Психолог Н. А. Бернштейн произвел над ним любопытный эксперимент: он попросил Котика, утверждавшего, что слышит звук данного цвета, -- написать на конверте тональность каждой цветной ленты, в него положенной, -- что тот и исполнил. Через некоторое время, много спустя, Н.А. Бернштейн попросил Котика повторить эти записи, сославшись на то, что будто бы их потерял. Просьба его была исполнена. Сверив содержимое прежних и новых конвертов, Н. А. Бернштейн убедился в полной идентичности записей.

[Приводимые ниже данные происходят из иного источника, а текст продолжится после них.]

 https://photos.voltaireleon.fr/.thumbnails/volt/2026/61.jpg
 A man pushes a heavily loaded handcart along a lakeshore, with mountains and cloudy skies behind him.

В каком точно году, мне не удалась узнать, Котик находился на исследовании своей нервной системы со всеми ее особенностями слуха и музыкального восприятия окружающего -- в клинике. Известный психиатр В. А. Гиляровский читал о нем лекцию студентам. По ходу ее ему понадобилось усыпить испытуемого.

-- Для этого, -- сказал ему Котик, -- надо нажать клавиши рояля (и он назвал ряд нот) в определенной последовательности. А для того чтобы меня разбудить, нажмите... -- и он назвал другие ноты. (Увы, их названия не сохранились.) Его указание исполнили. Спал он крепко; сколько -- не знаю. Когда он был разбужен названными нотами, Гиляровский спросил:

-- Что вам сейчас снилось, Константин Константинович?

-- Я сейчас был на даче, -- отвечал Котик, -- у моего друга Ми-Бемоль. И сейчас она со своим отцом едет ко мне сюда.